My brother and I were first time flyers when we boarded the Pan Am jet at John F. Kennedy airport in New York. We were fascinated by the little bathrooms, small soaps and the fold down lap tables attached to the seats. Looking out the small porthole windows we watched the Statue of Liberty fade into the skyline as we soared north toward Nova Scotia. The flight was long, six hours aloft, with only a meal and snack to break the tedium. The attendants were kind, offering gum to chew as we climbed to our cruising altitude. My mother had wisely packed books and magazines for us to read during the flight. These were the days before in-flight movies and there was only radio available with expensive ear phones for rent.
I remember wearing a new dress made of lace, a garter belt and stockings with patent leather flats. Those were the days of elegant travel for all passengers and of course, we were en route to Paris, we had to be fashionable. The flight boredom set in and I tried to nap under the miniature blanket provided. Just as today, the meal arrived as I dozed off. Excitement warred with exhaustion as I realized it was a flight to the unknown. Here I sat on an airplane bound for Paris with every possibility before me and yet, I had no idea. My father waited for us at the airport to drive us to our new home but he was the only link to the United States. My mother and brothers were eager to begin a new life, but I had no idea what to expect at the end of that flight. I left a small suburban community in New Jersey, all my friends from childhood and our extended family. I left the sordid and the good. It would be many years after that first flight before I realized the past is carried with you until you let go of the baggage.
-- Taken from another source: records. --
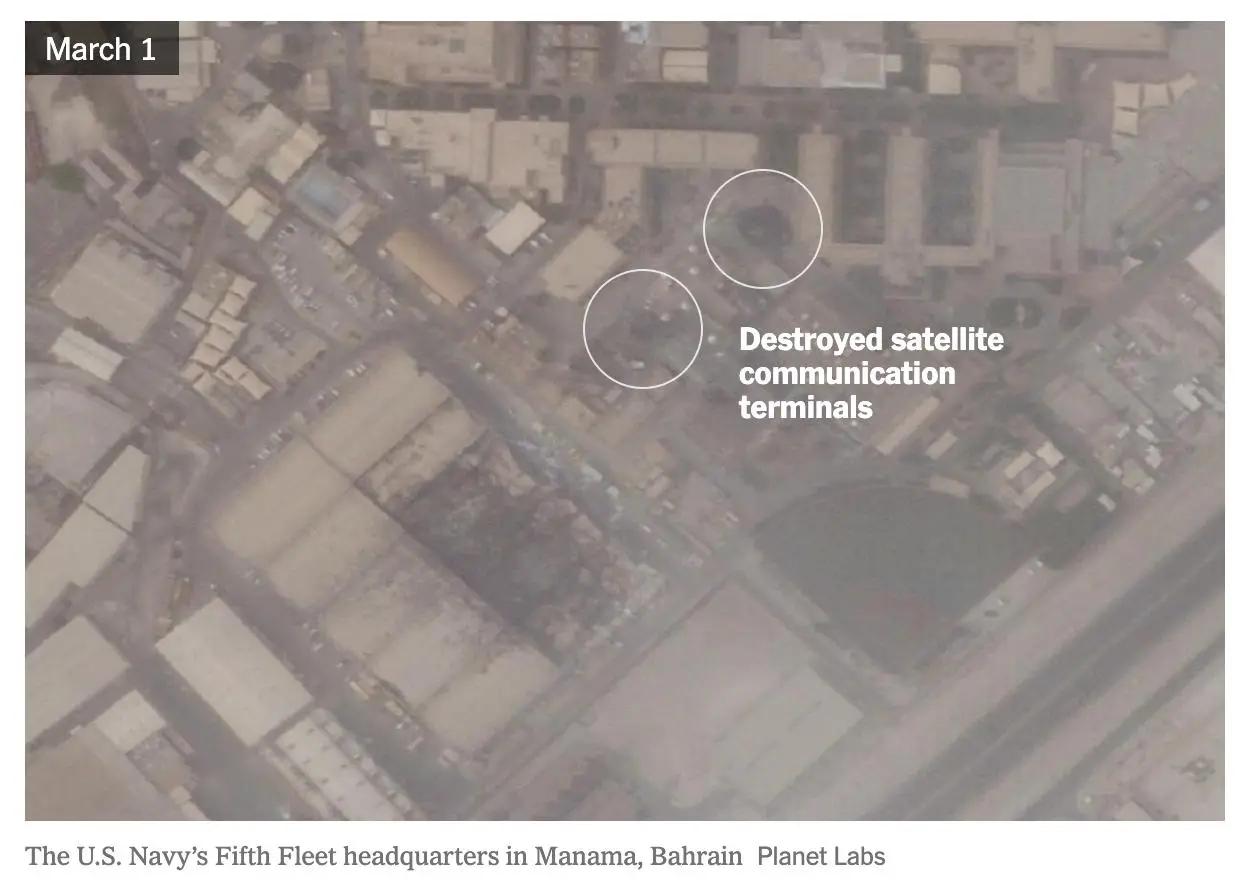 美国严重低估了伊朗反击能力！3月4日，《纽约时报》的消息称，美军在中东5个国家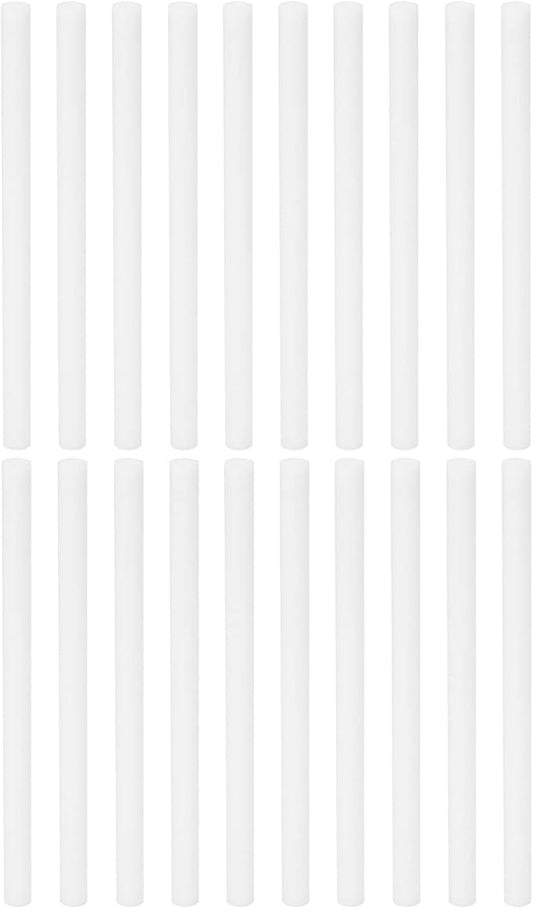 PATIKIL Humidifier Cotton Filter Sticks, 20 Pcs Refill Sticks Filter Wicks Replacement for USB Mini Humidifiers Portable Diffuser (4.72'' x 0.28''), White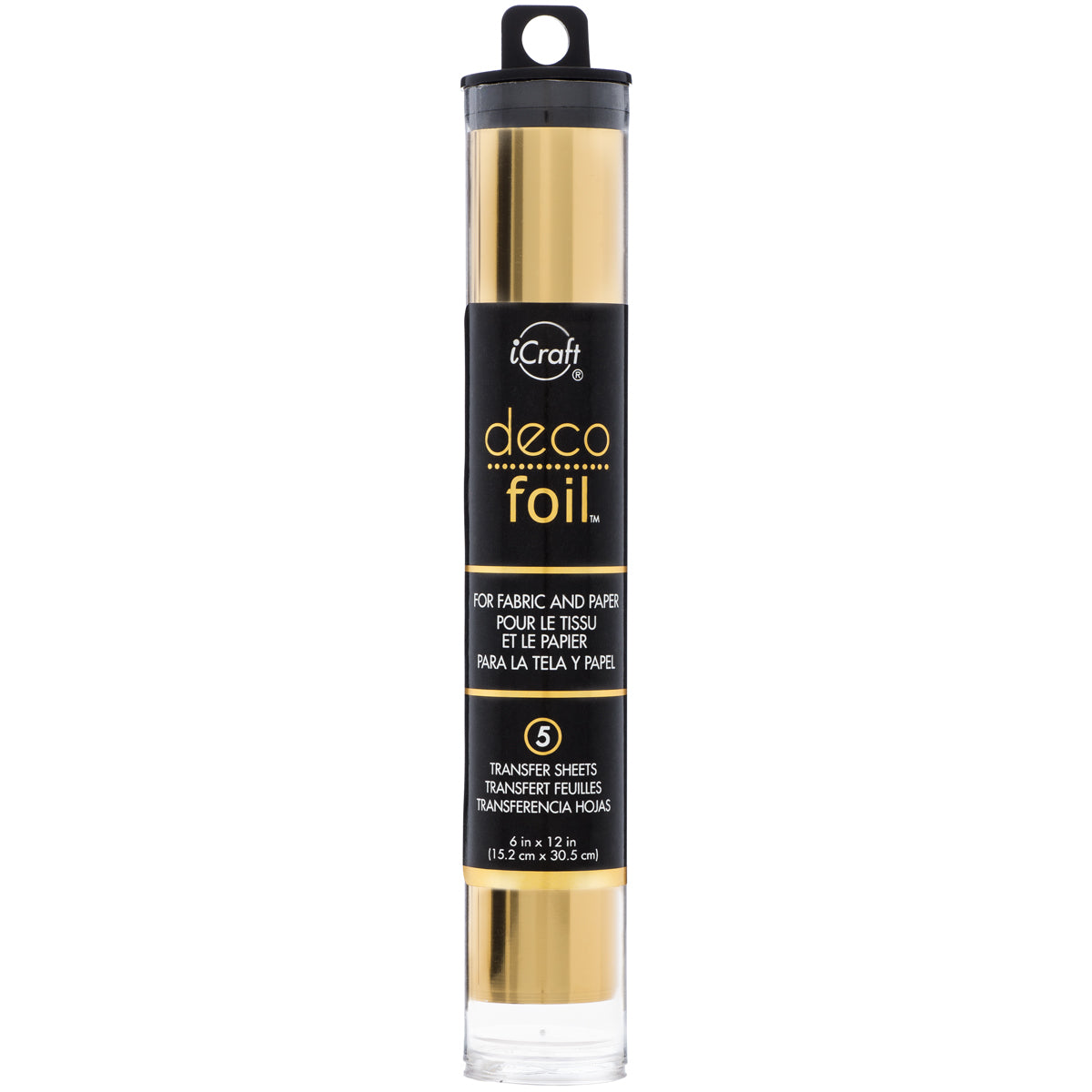 Therm O Web Deco Foil Transfer Sheets 6"X12" 5/Pkg - Gold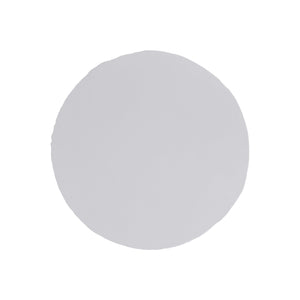 Bernhardt Bernhardt Millstone Pincio Round Side Table — 22" Sculptural Plinth Base, Faux-Stone Texture, Adjustable Glides 549119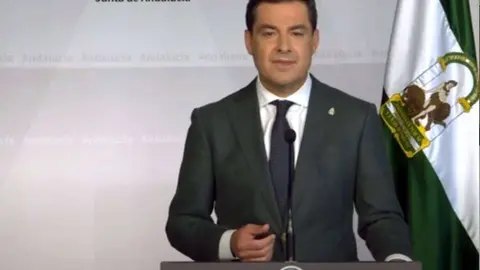 Moreno Bonilla, durante su comparecencia de este jueves (JUNTA DE ANDALUC&Iacute;A)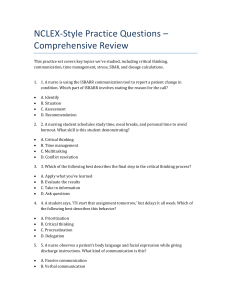 NCLEX-Style Nursing Practice Questions: Comprehensive Review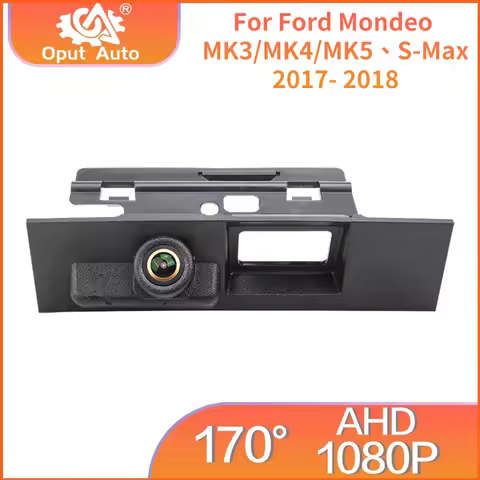AHD 1080P Vehicle Trunk Switch Handle Car Rear View Camera For Ford Mondeo MK3 MK4 MK5 S-Max 2017-20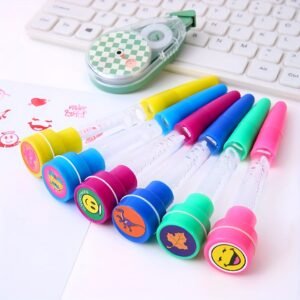 4-in-1 Pen with Stamp, Bubbles, Light, and Writing Function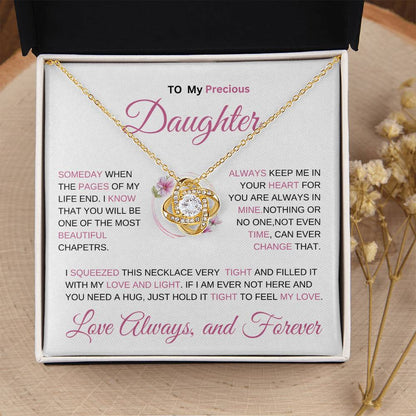 SAY IT ALL WITH THIS BEAUTIFUL LOVE KNOT NECKLACE FOR YOUR DAUGTHER'S GRADUATION, BIRTHDAY OR JUST SAY I LOVE YOU!!!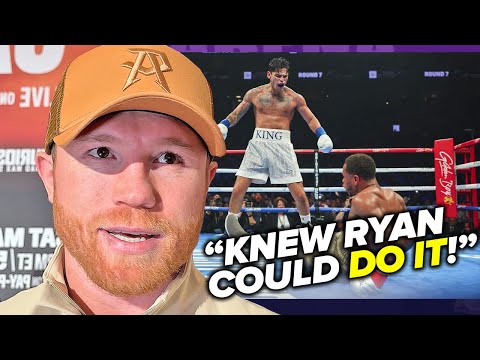 Canelo happy ryan garcia beat devin haney; asked if he beats gervonta in rematch!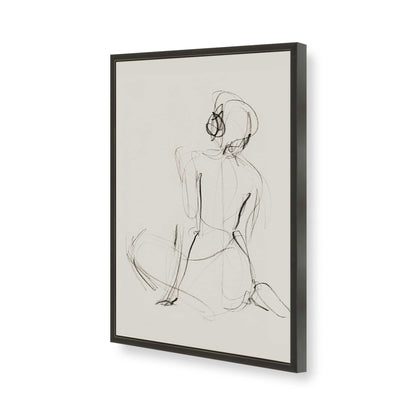 [Color:Satin Black], Picture of art in a Satin Black frame of the corner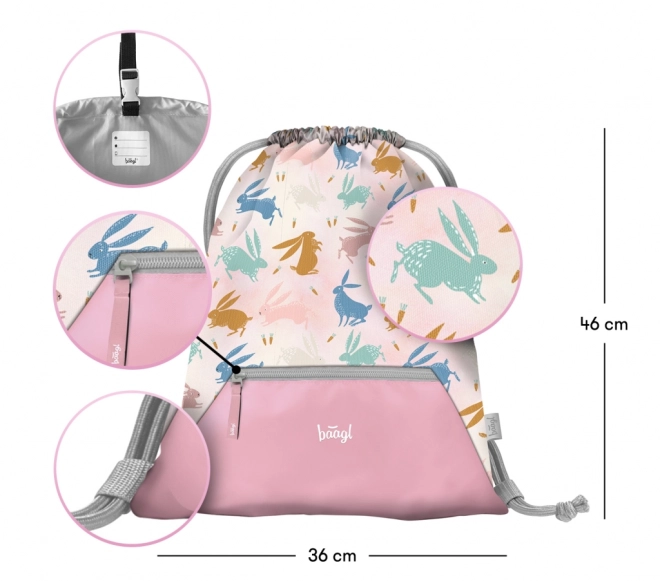 Šolski set Zippy Bunny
Our arrival at Orly airport was a noisy confusion of baggage claims, hugs and tears. Exhaustion began to set in as we gathered belongings, suitcases, purses, briefcases and the myriad souvenirs of the flight. Everyone spoke at once when we greeted my father at the arrivals gate. Clearing customs was a blur of passport stamps, rapid French and a long line to the baggage area. I remember a long walk with a heavy suitcase to the rental car, a crowded seat and a long ride in the twilight to our new home. No house for us, we were now apartment dwellers at Boulevard Victor Hugo.